From Generation to Authentication: First Workshop on Trustworthy Face Avatars (TrustFA 2026)

The First Workshop on Trustworthy Face Avatars (TrustFA 2026) will take place in conjunction with the 20th IEEE International Conference on Automatic Face and Gesture Recognition, to be held in Kyoto, Japan, from May 25 to 29, 2026.

As face recognition technologies continue to evolve, 2D and 3D photorealistic face avatars are emerging as a powerful new paradigm. These avatars enable users to create and manipulate digital representations of themselves, opening new possibilities for avatar-mediated interaction, identity presence, and telepresence across domains such as healthcare, education, and entertainment. At the same time, they introduce critical challenges related to trust, security, privacy, and authentication.

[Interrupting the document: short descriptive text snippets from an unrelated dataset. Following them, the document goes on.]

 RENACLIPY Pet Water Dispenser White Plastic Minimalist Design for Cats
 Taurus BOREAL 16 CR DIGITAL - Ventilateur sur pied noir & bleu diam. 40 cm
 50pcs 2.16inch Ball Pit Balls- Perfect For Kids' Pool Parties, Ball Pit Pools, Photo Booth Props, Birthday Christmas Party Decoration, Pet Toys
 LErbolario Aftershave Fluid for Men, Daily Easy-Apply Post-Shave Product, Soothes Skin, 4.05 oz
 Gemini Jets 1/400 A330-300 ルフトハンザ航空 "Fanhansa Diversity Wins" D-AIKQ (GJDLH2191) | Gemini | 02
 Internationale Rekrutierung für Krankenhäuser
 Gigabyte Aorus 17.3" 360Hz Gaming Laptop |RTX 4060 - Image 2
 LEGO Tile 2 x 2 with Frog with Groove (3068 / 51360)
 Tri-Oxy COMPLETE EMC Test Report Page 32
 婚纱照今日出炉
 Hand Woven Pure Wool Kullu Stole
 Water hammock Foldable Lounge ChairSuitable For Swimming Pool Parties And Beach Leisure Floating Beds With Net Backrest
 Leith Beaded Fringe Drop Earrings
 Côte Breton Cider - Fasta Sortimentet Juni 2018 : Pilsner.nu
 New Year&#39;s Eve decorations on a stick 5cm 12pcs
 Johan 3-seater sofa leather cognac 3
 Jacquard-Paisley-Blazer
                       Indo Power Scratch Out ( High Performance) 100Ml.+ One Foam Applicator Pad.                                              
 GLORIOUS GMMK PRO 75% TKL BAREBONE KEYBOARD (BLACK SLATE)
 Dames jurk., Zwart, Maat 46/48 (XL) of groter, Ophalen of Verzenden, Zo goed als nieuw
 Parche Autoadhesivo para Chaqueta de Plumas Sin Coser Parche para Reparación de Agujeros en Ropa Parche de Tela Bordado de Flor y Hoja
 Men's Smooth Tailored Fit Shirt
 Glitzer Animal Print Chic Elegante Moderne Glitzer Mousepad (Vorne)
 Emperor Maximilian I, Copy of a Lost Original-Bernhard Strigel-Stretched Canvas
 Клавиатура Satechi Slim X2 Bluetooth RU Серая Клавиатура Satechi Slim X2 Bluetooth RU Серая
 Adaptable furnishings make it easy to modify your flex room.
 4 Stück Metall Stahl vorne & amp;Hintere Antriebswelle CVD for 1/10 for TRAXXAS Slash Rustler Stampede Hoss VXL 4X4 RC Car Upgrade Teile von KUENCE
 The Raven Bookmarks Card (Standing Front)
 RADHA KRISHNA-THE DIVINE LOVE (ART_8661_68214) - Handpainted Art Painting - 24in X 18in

The TrustFA workshop aims to advance the state of the art in face avatar generation and authentication, with a strong focus on ensuring seamless and secure interactions in these emerging contexts. The workshop will foster collaboration among researchers and practitioners working on avatar technologies, encouraging new insights and research directions that address key challenges such as real-time avatar generation, accurate expression retargeting, and behavior-based biometric authentication.

Scope and Topics

The workshop welcomes contributions in a broad range of topics, including but not limited to:

  • Avatar generation, manipulation, and motion transfer: 2D/3D head avatars, neural rendering (NeRFs, Gaussian splatting), audio-driven animation, controllability, identity and pose disentanglement, speed–quality trade-offs, expression tracking fidelity, identity preservation, and visual realism.
  • Avatar authentication: impersonation detection, appearance-agnostic driver verification, avatar template access authorization, behavior-based signatures, passive and active safeguards (e.g. watermarking), robustness under varying codecs, bitrates and lighting conditions, cross-generator generalization, and presentation or replay attacks.
  • Privacy, safety, and governance: consent management, rights to likeness, watermarking and provenance, on-device versus cloud processing, demographic fairness, unequal detectability, identity binding evidence, and template protection.
  • Real-time tracking and control: expression retargeting, audio-driven facial animation, gaze and head pose stabilization, and temporally coherent rendering under resource constraints.
  • Evaluation and datasets: protocols for realism, identity fidelity, latency and computational efficiency, human-perceived presence, synthetic-to-real generalization, and data documentation standards.
  • Applications and user studies: telepresence in healthcare and education, accessibility, entertainment tools, and AR/VR integration.

The workshop is co-organized by an international team of researchers, including Rubén Tolosana and Rubén Vera-Rodríguez, a member of ELLIS Unit Madrid, reinforcing the unit’s active role in advancing trustworthy and responsible AI research in face analysis and biometric technologies.